2. `process_article()` in multithreated fashion. Converts texts into tokens. Need to adapt for parsing **text**
    1. `filter_wiki()` filters out wiki markup from `raw`, leaving only text:
        1. to unicode
        2. decode html
        3. `remove_markup()` filters out wiki markup from `text`, leaving only text.
            1. `remove_template()` is finally the function that removes our fields of interest
    2. `lemmatize()`. If wanted: lemmatizes text.
    3. `tokenize()`.  Tokenizes text.
   
The `remove_markup()` function contains a lot of regex parsing. Let's adjust this function and see if instead of removing these regex strings, see if we can return it (together with the text). What it takes as an input is a text. So let's get one example text to work with first.

In [None]:
wiki_new = wikivoyage.WikiCorpus(path_wiki_in, article_min_tokens=10)
wiki_new.metadata = True

In [None]:
example_texts = []
for (pageid, title, redirect, nr_tokens, patterns, text) in islice(wiki_new.get_texts(), 10):
    example_texts.append(text)
    
example_texts[0]

Now let's further examine Gensim's logic by looking into the `remove_markup()` function.  It looks like the part that we look for is between `{{ ... }}` and is removed by the `remove_template()` function in it. Let's check what that does to our text:

In [None]:
from gensim.corpora.wikicorpus import remove_markup, remove_template

# remove_markup(example_texts[0], promote_remaining=True, simplify_links=True)
# remove_template(example_texts[0])

Indeed, remove template is doing this. So we need to alter something here. 

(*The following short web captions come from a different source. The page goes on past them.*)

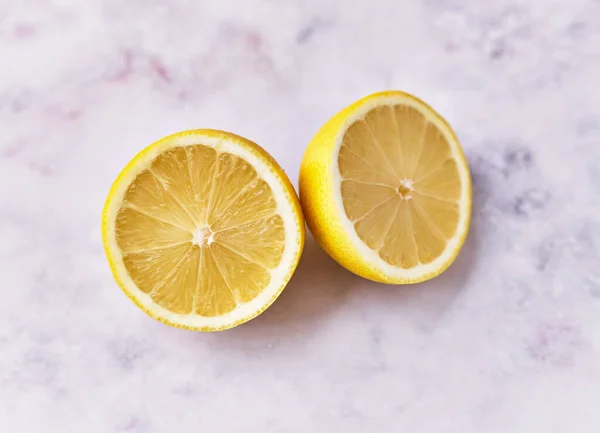 两个柠檬在大理石表面结出一半果 — 图库照片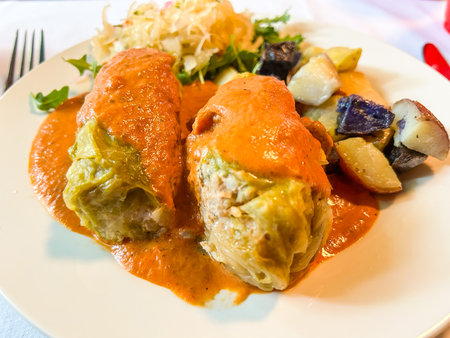 A delicious plate of cabbage rolls served with a side of potatoes and sauerkraut. This dish appears to be savory and rich with a flavorful sauce.の写真素材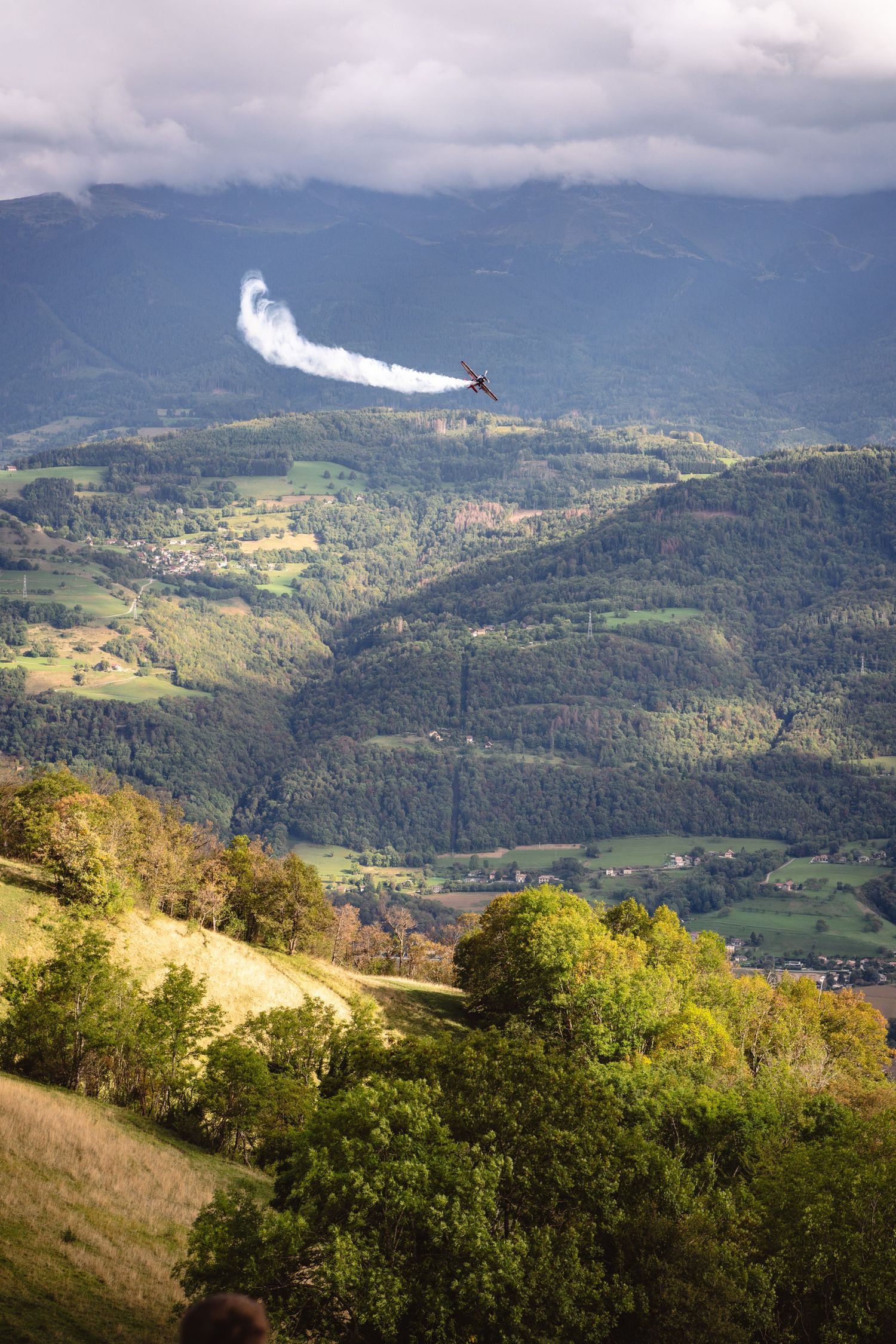 White paraglider wing soaring over green mountain valley landscape.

Also, one can look at the [template documentation](https://meta.wikimedia.org/wiki/Help:Template) to understand it a bit better.

Now, let's try to adapt the function. Or instead of adapting it, let's add a function that retrieves the desired output and then apply the `remove_template()` after it to clean up as usual.

First let's examine how the regex works in the Gensim code:

In [None]:
RE_P3 = re.compile(r'{{([^}{]*)}}', re.DOTALL | re.UNICODE)
re.search(RE_P3, example_texts[0]).groups()

Check out documentation on [regex syntax](https://docs.python.org/3/library/re.html?highlight=dotall#regular-expression-syntax) to break down this regex expression:
- `[^}{]`:
    - Special characters lose their special meaning inside sets. For example, [(+*)] will match any of the literal characters '(', '+', '*', or ')'.
    - If the first character of the set is '^', all the characters that are not in the set will be matched.
    - In normal words: match anything that is not a `{` or `}`
- `*` Causes the resulting RE to match 0 or more repetitions of the preceding RE
- `(...)` Matches whatever regular expression is inside the parentheses, and indicates the start and end of a group

Great. So basically this defaults to 'match anything between `{{ ... }}`'.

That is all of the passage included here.